Slurm

Slurm

Slurm Workflow Manager is MSI's new Job Scheduler

What is Slurm?

Slurm is a best-in-class, highly-scalable scheduler for HPC clusters. It allocates resources, provides a framework for executing tasks, and arbitrates contention for resources by managing queues of pending work.

Why is MSI transitioning to the Slurm scheduler?

Slurm has become an industry standard for scheduling among HPC centers. It’s an open-source scheduler with a plugin framework that allows us to leverage tools developed at other centers. It is capable of stable management of a larger number of jobs than our current scheduler. Finally, it’s architecture opens opportunities to leverage technologies that will be useful for many areas of scientific computation.

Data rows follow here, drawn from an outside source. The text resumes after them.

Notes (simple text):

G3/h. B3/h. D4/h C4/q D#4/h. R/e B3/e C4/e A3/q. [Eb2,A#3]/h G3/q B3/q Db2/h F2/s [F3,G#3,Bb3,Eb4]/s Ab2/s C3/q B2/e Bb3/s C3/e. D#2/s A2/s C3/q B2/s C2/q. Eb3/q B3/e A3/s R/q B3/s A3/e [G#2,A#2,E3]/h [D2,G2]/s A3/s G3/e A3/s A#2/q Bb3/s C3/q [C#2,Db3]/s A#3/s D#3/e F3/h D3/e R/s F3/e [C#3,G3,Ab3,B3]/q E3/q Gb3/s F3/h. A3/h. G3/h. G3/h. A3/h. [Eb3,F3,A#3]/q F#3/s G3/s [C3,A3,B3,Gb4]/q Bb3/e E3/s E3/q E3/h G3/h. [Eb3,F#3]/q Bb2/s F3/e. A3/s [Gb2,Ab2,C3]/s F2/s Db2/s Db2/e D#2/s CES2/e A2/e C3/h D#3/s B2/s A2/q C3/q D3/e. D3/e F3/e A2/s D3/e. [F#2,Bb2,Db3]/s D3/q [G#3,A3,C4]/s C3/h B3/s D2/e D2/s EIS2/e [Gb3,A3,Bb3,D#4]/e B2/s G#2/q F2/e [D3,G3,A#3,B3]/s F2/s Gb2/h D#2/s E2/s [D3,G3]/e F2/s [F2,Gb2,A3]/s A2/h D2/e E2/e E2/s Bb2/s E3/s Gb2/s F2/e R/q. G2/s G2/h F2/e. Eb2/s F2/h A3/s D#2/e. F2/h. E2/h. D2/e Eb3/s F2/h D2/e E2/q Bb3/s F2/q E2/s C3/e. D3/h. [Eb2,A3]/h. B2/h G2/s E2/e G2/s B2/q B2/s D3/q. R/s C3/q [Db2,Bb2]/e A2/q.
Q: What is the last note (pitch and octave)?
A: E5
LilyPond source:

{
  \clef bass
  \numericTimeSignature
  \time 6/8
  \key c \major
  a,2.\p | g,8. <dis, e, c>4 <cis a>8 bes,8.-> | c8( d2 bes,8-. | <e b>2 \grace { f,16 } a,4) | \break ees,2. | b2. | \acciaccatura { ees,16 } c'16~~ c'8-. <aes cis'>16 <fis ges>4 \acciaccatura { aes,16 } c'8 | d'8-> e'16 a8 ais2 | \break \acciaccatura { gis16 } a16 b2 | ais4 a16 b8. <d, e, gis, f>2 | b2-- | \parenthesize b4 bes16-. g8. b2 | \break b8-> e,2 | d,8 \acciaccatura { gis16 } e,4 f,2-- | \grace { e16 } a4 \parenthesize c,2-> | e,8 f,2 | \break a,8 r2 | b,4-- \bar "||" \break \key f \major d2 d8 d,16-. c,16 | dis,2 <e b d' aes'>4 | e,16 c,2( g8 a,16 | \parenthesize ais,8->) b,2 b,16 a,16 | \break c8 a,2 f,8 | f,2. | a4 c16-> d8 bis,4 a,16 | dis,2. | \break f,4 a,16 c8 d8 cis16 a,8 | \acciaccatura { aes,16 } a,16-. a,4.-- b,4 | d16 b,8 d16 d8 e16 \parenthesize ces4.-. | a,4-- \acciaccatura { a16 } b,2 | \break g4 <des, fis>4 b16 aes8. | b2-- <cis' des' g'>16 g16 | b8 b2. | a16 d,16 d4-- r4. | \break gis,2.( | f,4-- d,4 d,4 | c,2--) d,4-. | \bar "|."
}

How does the transition to Slurm impact my work on MSI systems?
The most obvious adjustment everyone will need to make is to learn a new set of commands for submitting jobs and checking on job status.If you have written scripts that depend on the job scheduler, they will need to be modified to match the syntax used in Slurm. This is also true of some software that MSI maintains. 
 
When you run jobs using Slurm, there will be no SUs deducted from your SU allocation. Group job limits will change over the next couple months as we migrate nodes from the other cluster. ESO customers will receive an email with important information regarding the transition of paid SUs for external use.
 
MSI has put together resources for users to help groups get started using Slurm. A tutorial on using slurm will be offered on October 20, 2020. You can register for this tutorial and view other resources at the links below:
Timeline for Transition

MSI will be sending regular updates over the next few months to remind users of upcoming important dates and link to the resources available to aid your group in the transition over to the new scheduler. Please see the dates below for a general timeline for the Slurm transition.

 

November 1st, 2020: Minimum of 30% of all MSI systems will be moved over to the Slurm scheduler. Depending on congestion levels in the Slurm portion of MSI systems, this percentage may increase, but will not exceed 80% of the system before December 1st, 2020.

 

December 1st, 2020: Minimum of 80% of all MSI systems will be moved over to the Slurm scheduler. Depending on congestion levels in the Slurm portion of MSI systems, this percentage may increase, but will not exceed 90% of the system before January 1st, 2021.

 

January 1st, 2021: Minimum of 90% of all MSI systems will be moved over to the Slurm scheduler. Depending on congestion levels in the Slurm portion of MSI systems, this percentage may increase, but will not exceed 100% of the system before January 6th, 2021.

 

January 6th, 2021 (MSI Maintenance Day): 100% of all MSI systems will be moved over to the Slurm scheduler. Users will no longer be able to submit jobs using PBS.